The late Sir K. Dwight Venner, former Governor of the Eastern Caribbean Central Bank had very large shoes, a presence that successfully directed monetary policy in the region for 28 years.

And Timothy N.J. Antoine, the man who replaced Sir Dwight is currently trying to fill those shoes. It will take some time.

Antoine, a Grenadian, became the third ECCB governor about a year ago, on 1 February 2016.

Last week he visited Dominica and spoke to government officials, leaders of the private sector, the parliamentary opposition and the press.

At the press conference, Antoine providing an overview of the economies of the Eastern Caribbean in general, and Dominica's in particular, and the ECCB's role in maintaining economic and fiancial stability in the sub region.

As the new ECCB governor, Antione was clearly satisfied that Sir Dwight had handed over the oars of a steady ship-a strong Eastern Caribbean dollar.

"We have to be thankful for what we have in the ECCU and we have to make every effort to preserve that," he said. "Our currency is strong, quite strong."

Antoine said the EC dollar had a 97.1 % backing, meaning "for every dollar in circulation in the Eastern Caribbean Currency Union we have 97 cents in currency reserves."

But the Economic Union has some challenges that includes the fact that indigenous bank struggling under the burden of non-performing loans. At the end of 2016, banks in the Eastern Caribbean had 17% bad loans. Dominica's bad-loans figure was 15.4 percent.

"The problem is the international benchmark is five percent," Antoine said. "We really should not have bad loans in excess of five percent."

To reduce the effect of bad loans on bank's willingness to offer loans, the ECCB has recommended the establishment of the Eastern Caribbean Asset Management Corporation, an organization that will essentially buy bad loans from banks.

In addition, the ECCB is trying to influence indigenous banks in the region to merge, just like Credit Unions in Dominica have come together to form the National Cooperative Credit Union.

Antoine, like Sir Dwight believed that there were too many national banks in the region- there are 12 and Antoine argued that there are many reasons why national banks should merge.

"Because the costs are high. The costs of the buildings; the cost of compliance; the cost of putting in technology; the cost of putting in security to deal with fraudsters ad hackers; the cost of maintaining corresponding bank relations; the cost of anti-money laundering; the cost of dealing with foreign banks," said Antoine. "So we are strongly encouraging the banks in the region to come together."

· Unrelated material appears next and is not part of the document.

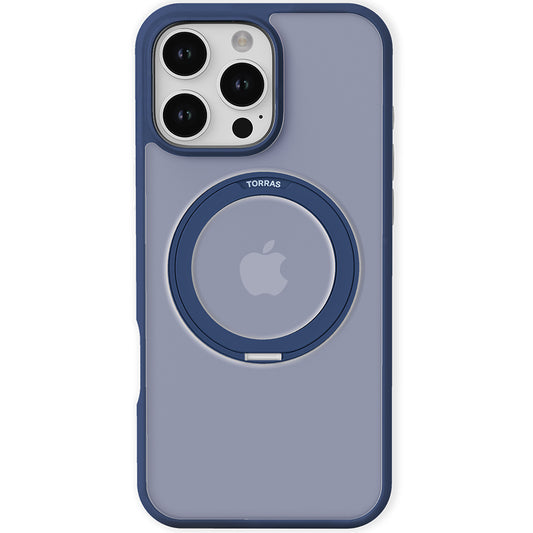 Калъф MagSafe за Apple iPhone 16 Pro Max, Torras, Ostand Pro, Тъмносин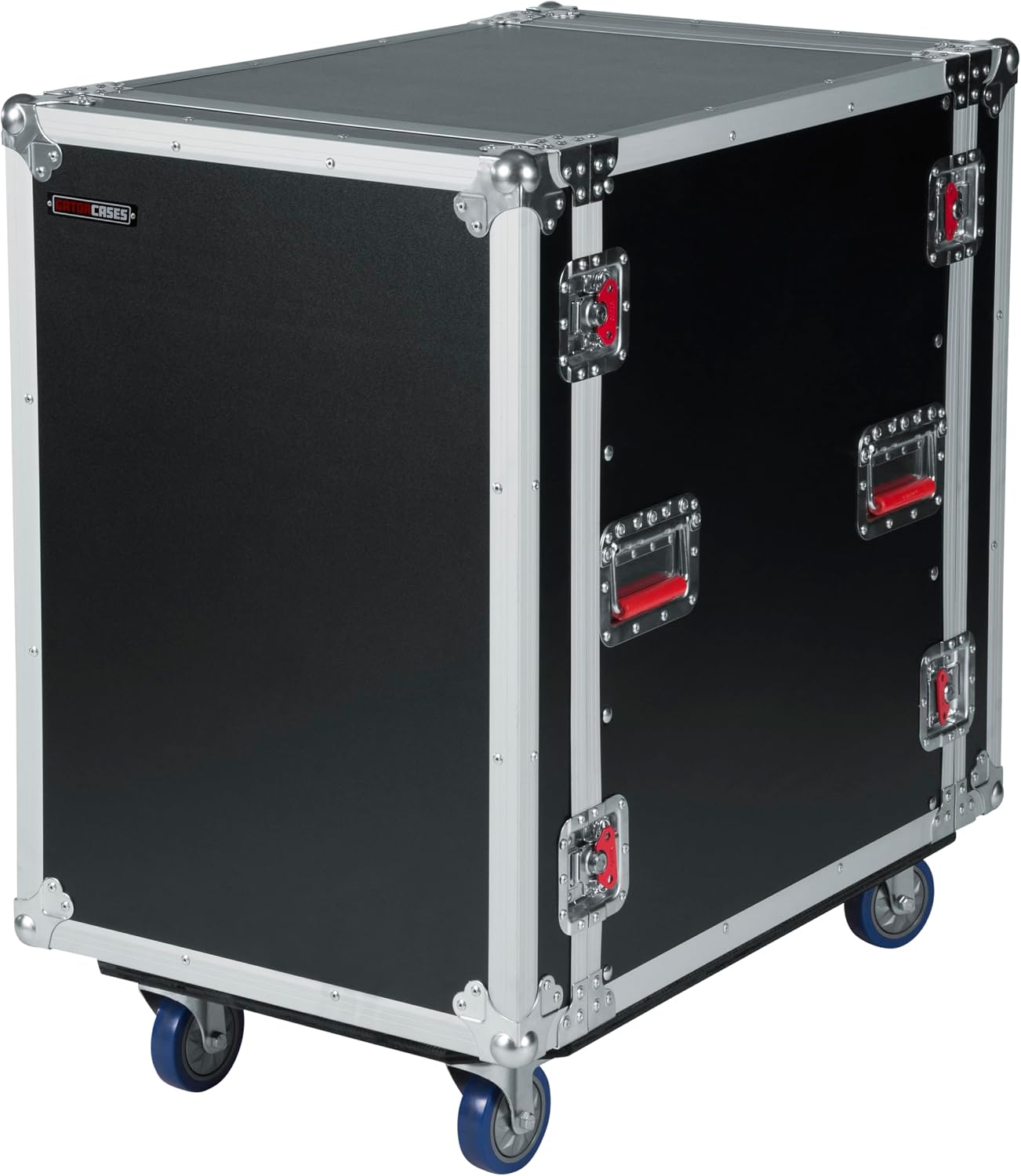 Gator Cases G-Tour Deep Audio Road Rack with Heavy-Duty Casters and Tour Grade Hardware; 24' Rackable Depth, 12U (G-Tour 12U CAST)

On the issue of the controversial Citizenship by Investment programme (operating in Antigua, Dominica, St. Lucia, Grenada and St. Kitts and Nevis) Antione said the ECCB has advised the governments of these islands to be transparent and to use the revenue from these CBI programmes wisely.

"None of us knows how long the CBI will last; we hope it will last for a really long time but we really don't know," said Antoine. "So we say be prudent by not using the money for recurrent expenditure. Don't use it to pay wages and salaries, don't use it to pay the light bill."

Especially, in Dominica's case, the CBI has now emerged as the country's major income earner.

But economic growth in the region is weak. Antoine said that in 2015 only two countries came near the target of five percent economic growth. Grenada (5.2%) and St. Kitts and Nevis (4.9 %).

In Dominica's case, in 2015 the economy contracted by 2.5 percent because of Tropical Storm Erika.

"That's the power of a natural disaster," Antoine said.

In 2016, the ECCB estimates, Dominica's economy grew by 1.7 percent. It is expected to grow by 3.2 % in 2017 and by a similar figure in 2018.

To recover to pre-Erika levels, Dominica's economy will take two to three years. And according to the International Monetary Fund (IMF), that projected growth in 2016 and 2017 is based on the level of grants Dominica received after the August 2015 storm.